Financial Wellness: Helping Employers with the Bigger Picture

Few things in life generate as much stress as financial worry. Employers have likely sought to address other causes of stress for their employees with health insurance, life insurance, disability insurance, wellness programs and other benefits.

Now, a growing number of businesses are acknowledging that helping their employees achieve financial wellness can deliver the same positive impacts as those established benefit offerings. Financial wellness helps employees gain the confidence and knowledge to successfully manage day-to-day finances and unplanned expenses, as well as plan and save for future milestones. Research from specialist provider Nudge Global found that the number of organizations now providing or implementing financial education programs was 40%, with a further 48% considering introducing a program.

Brokers are uniquely positioned to help their employer clients understand how a financial wellness strategy will achieve their talent management goals. Through expert guidance, you can connect employee needs with benefit strategies to drive conversations that will create mutually beneficial relationships.

The Advantage for Employers

It is rare to find an employer that doesn’t care about the wellbeing of its employees. For instance, an average of 55% of employers surveyed in MetLife’s 2017 U.S. Employee Benefit Trends Study told us that caring for their employees’ wellbeing was part of the job.
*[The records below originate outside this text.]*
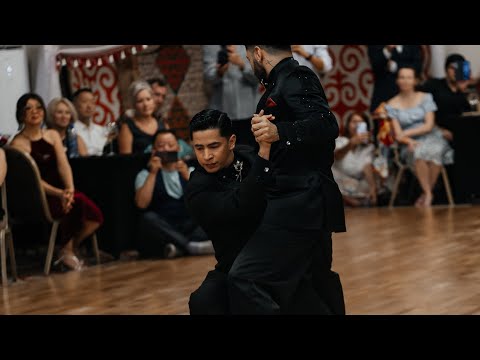 Cristian Cerezo & Valentin Arias ASTANA TANGO FESTİVAL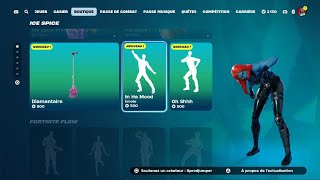 Boutique Fortnite Ice Spice Nouveau Skin du 15 novembre [upl. by Buckley]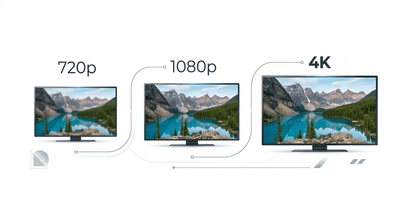 4K vs 1080p: What’s the Difference Between 720p, 1080p, 1080i, and 4K?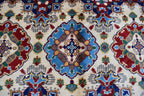 17x10 Handmade Chob Rang Carpet Authentic Afghan Wool Rug | Large Vintage Area Carpet for living room and dinning room 17.3x9.5 ft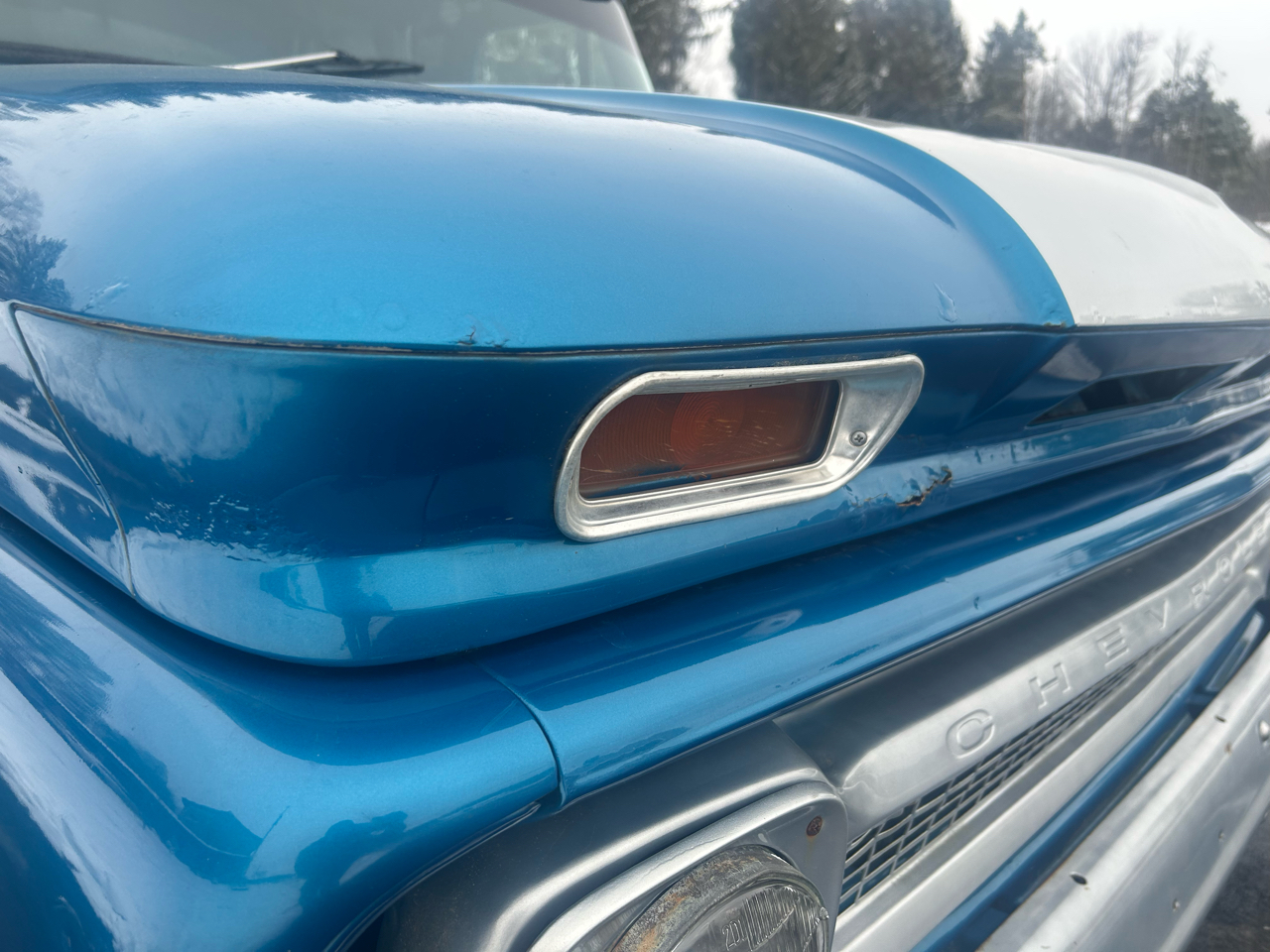 Chevrolet C/K 10 Regular Cab 2WD 1966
There’s also a business imperative. Research has found that lost productivity from employee financial worries hit profits by 4% on average — while 38% of employees said that they would move to a company that prioritized their financial wellness.

How Employers can Drive Financial Wellness in Three Steps

Of course, financial wellness is not solely dependent on the employer. The economic landscape and unique family situations play a huge part. At the lower-wage end of the spectrum, job security and the predictability of likely income levels often creates concern for financial wellbeing. For middle income employees, a range of other considerations creeps in — from financial security in the event of a crisis, to paying for a child’s education, to maximizing their choices in retirement.

The beauty of financial wellness programs is that the general principles can apply equally to employees in very different situations, even if the specific interventions diverge greatly. A financial wellness strategy shouldn’t be one size fits all. But any program can be broken into three steps.

1. It begins with education: Employers, as the principle source of income for families, can have a powerful role in improving employees’ financial knowledge and skills, while also driving business impact.

Effective financial wellness programs help employees develop skills based on their life stages — such as the early years of work, building a family, home-making and caring — to balance short-term needs against long-term goals. For example, financial wellness education can help employees understand the downsides of taking loans and hardship withdrawals — especially to meet non-urgent situations — from their retirement plans.

2. The next step is assessment: Assessment of employees’ financial aptitude and preparedness is also critical to a financial wellness program and its ongoing success. When employees have an accurate picture of their personal financial health, it’s more likely to drive them to take action.

For employers, an analysis of their workers’ financial wellness can be instrumental when designing — and building internal support for — an effective financial wellness program. Understanding employee age, gender, earnings, lifestyles and interests can inform the approach too. The insights gathered from the assessment will help determine which elements of a financial wellness program are most needed —which employee and retirement benefits to offer, and which delivery options are most likely to drive employees to action.

3. The final step is enablement: The critical third step is ensuring that financially aware employees can act to address their needs.

This is about employees taking ownership of their financial wellness. Employers can help here with the right mix of employee benefits. That means offering benefits tailored to them — like employee assistance programs, income protection products, life insurance, retirement benefits or some other tangible way of alleviating financial stress. Making those benefits customizable through voluntary or flexible benefits packages allows employees to tailor them to their specific needs.

Helping employers make the connection between benefits, educational resources and a healthier, more engaged and productive workforce will provide brokers with new opportunities to strengthen client relationships.